Article III Section 4. — Vacant Office
If, by December 31st, any elected office remains vacant, the newly elected Board of Directors may, after assuming office on January 1st, appoint any dues paying member in good standing to temporarily fill the vacant position until the subsequent annual election. Any appointee must meet the qualifications for the position as stipulated in Article III. In the event that the proposed appointee does not meet the qualifications stipulated in Article III, Section 2, Paragraph D, Terms and Qualifications, the Board of Directors, by majority vote, shall determine the acceptability of the proposed appointee. This same process of appointment shall apply if, during the calendar year, an elected official resigns his/her position.
If the President resigns his/her position, the Board of Directors shall, by majority vote, appoint one of the Vice Presidents as acting President until the subsequent annual election.
Article III Section 5. — Duties of Officers
The President shall preside at all Board of Director and General Membership Meetings of the Club. In the absence of the Secretary, the President shall designate an individual to record the minutes. In case of a planned absence, the President shall designate a Vice President to act on his behalf.
The President has the authority to designate and implement executive sessions of any Club meeting. The President shall perform all such duties as ordinarily pertain to the Office of President and shall provide the leadership and direction in establishing the policies, procedures, goals and objectives of the Club. The President shall be responsible for the enforcement of these Bylaws and the submittal to the Newsletter Publisher, in a timely manner, His/Her message to the Membership and the agenda for the following month General Membership meeting.
The President has the authority to appoint committees, Chairpersons and an election Nominating Committee. He/She also has the responsibility to insure that all pertinent Club records and documents are provided to the Secretary for file and safe keeping.
The President shall provide the leadership for the acquisition of a Club Sponsor and shall act as the primary Liaison Officer with the Sponsor.
The President can authorize the expenditure up to $500.00 on any single Club expense without a vote of approval by the Board of Directors.
B. Vice Presidents
The President shall assign the Vice Presidential areas of responsibility.
1. Vice President, Club Operations
The Vice President of Club Operations shall report to the President. In the event of a planned absence of the President, and if designated by the President, the Vice President, Club Operations shall assume the responsibilities of the President. He/She shall perform other duties as usually pertain to the position of Vice President or which may be assigned by the President.

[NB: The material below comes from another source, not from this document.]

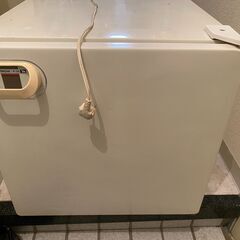 【中古品】1ドア HITACHI R-56 小型冷蔵庫差し上げます。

The Vice President, Club Operations shall coordinate the activities of and support the Chairpersons responsible for the following Club operations:
Car Show (unless otherwise assigned by the President) Membership, Communications/Publicity, Newsletter, Webmaster, Good & Welfare, Tech Advisor, National Corvette Museum Liaison, Club Clothing/ Accessories, Historian and/or others as this list of Club Operations may be changed from time to time by the Board of Directors.
2. Vice President, Club Events
The Vice President Club Events shall report to the President. In the event of a planned absence of the President and, if designated by the President, the Vice President, Club Events shall assume the responsibilities of the President. He/She shall perform other duties as usually pertain to the position of Vice President or which may be assigned by the President.

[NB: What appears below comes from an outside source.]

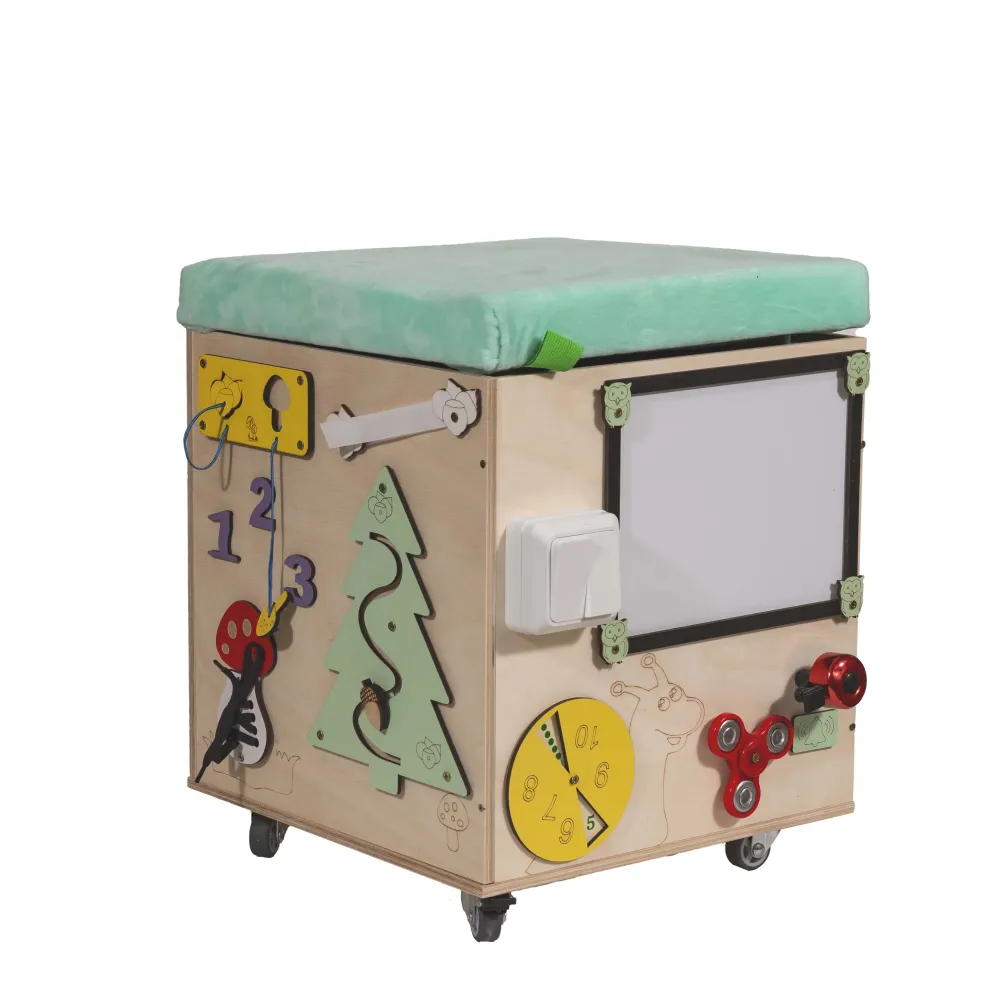 Elementy motoryczne: koła zębate, grzybek ze sznurówką i fidget spinner w pufie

The Vice President of Club Events shall coordinate the activities of and support the Chairpersons responsible for the following Club Events:
Club Events Planning (unless otherwise assigned by the President), Day or Weekend Cruises, Dinner Cruises, Cruise Nights, State Police (Vettes for Kids Toy Drive), Charitable Donations, Veteran/Military Affairs, Parades, Community Dinning Room, Community Relations and/or others as this list of Club Events may be changed from time to time by the Board of Directors.
Any changes, additions/deletions, made to the list of Club Operations or Events must be documented in the minutes for the Board of Director’s meeting at which the change was made. Such minutes shall become a supporting document to these Bylaws therefore, a revision to the Bylaws need not be specifically made.
The Treasurer shall have charge of all monies of the Club and shall report to the Club Membership, at the Monthly General Membership Meeting, the prior month balance, revenues, expenses and ending balance. He/She shall collect all dues from the members giving a proper receipt thereof. The Treasurer shall pay all Club bills, up to $1,500.00, upon authorization by the Board of Directors and will also reimburse any Club Member for authorized out of pocket expenditures the member made on behalf of the Club. The member must submit receipts and/or an itemized list of expenditures. Expenditure of funds over $1,500.00 must be known to all members of the Board of Directors and approved by a two thirds (2/3) vote of the members present at a monthly General Membership Meeting. Exception to $1,500.00 limit shall be expenditures for the annual Car Show which shall only require the approval of the President, Treasurer and Car Show Chairperson. In addition to the Car Show, exception to the established Board limit of $1,500.00 shall also include any item legally required of or contracted by the Club where the President and Treasurer can authorize the necessary expenditure. The Treasurer must verify the availability of funds for all expenditures.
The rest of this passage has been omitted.